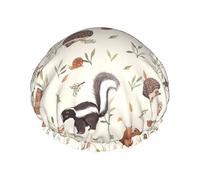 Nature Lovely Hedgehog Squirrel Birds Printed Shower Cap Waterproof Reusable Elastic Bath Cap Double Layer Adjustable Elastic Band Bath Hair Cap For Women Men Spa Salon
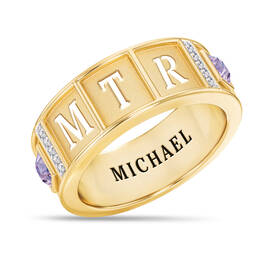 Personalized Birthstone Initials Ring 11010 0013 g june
---
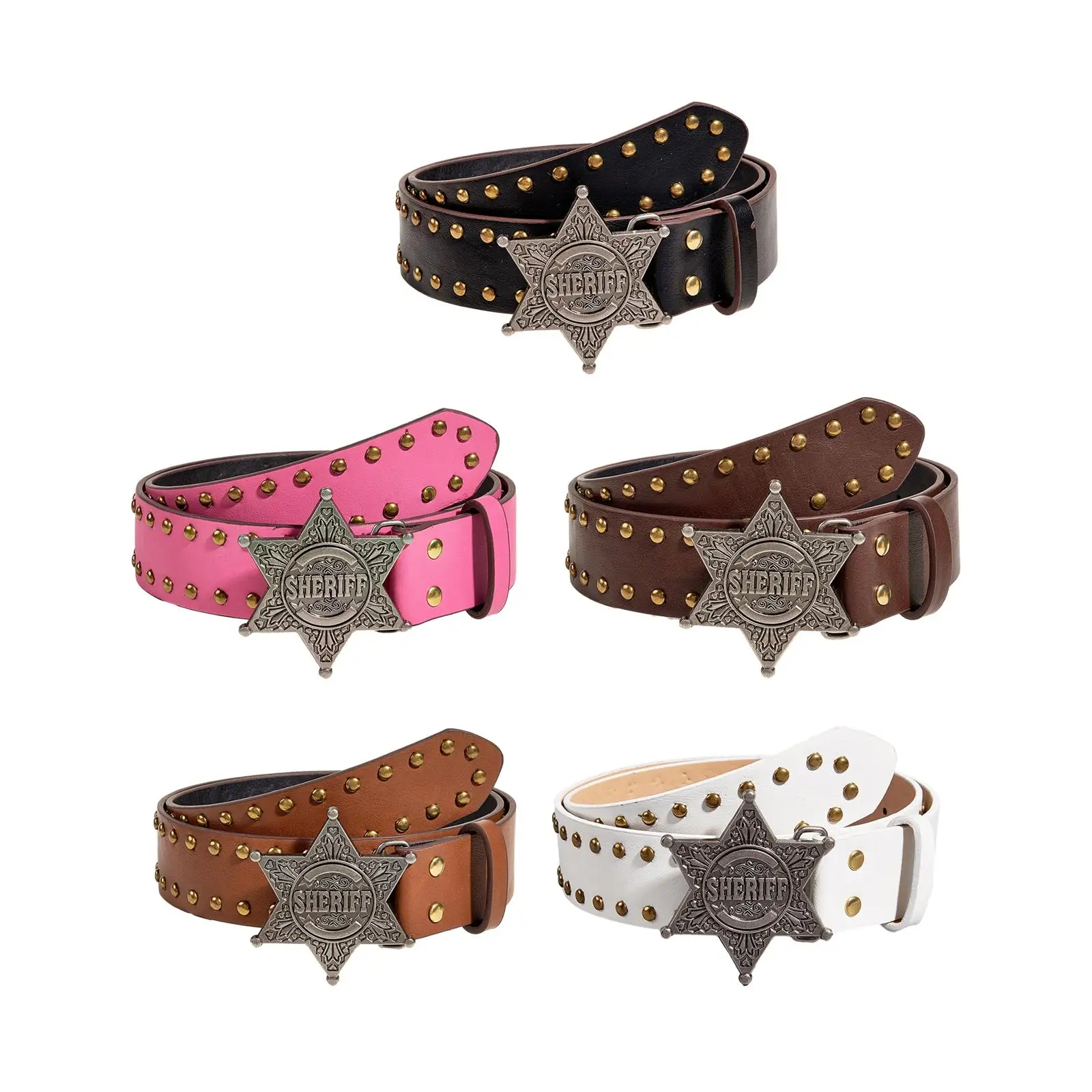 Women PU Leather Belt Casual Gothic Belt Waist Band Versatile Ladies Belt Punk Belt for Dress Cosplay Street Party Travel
---
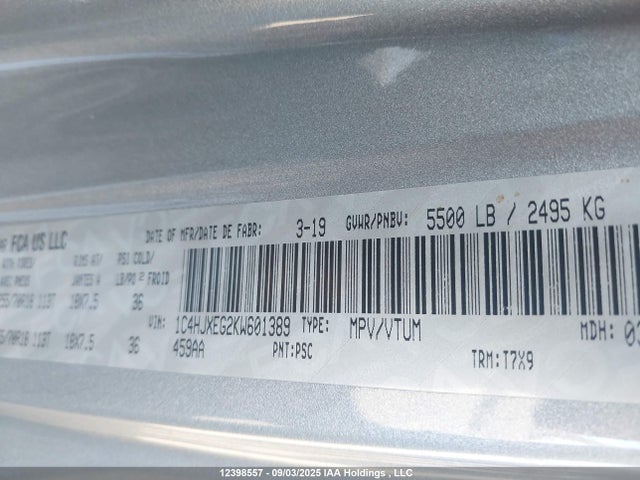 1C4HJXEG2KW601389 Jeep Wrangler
---
▶ Problem details: Please output the lines above beginning at the line with "Nature Lovely Hedgehog" and ending after the line with "Personalized Birthstone Initials", precisely as written and with no pictures.

▶ Exercise response:
 Nature Lovely Hedgehog Squirrel Birds Printed Shower Cap Waterproof Reusable Elastic Bath Cap Double Layer Adjustable Elastic Band Bath Hair Cap For Women Men Spa Salon
 Personalized Birthstone Initials Ring 11010 0013 g june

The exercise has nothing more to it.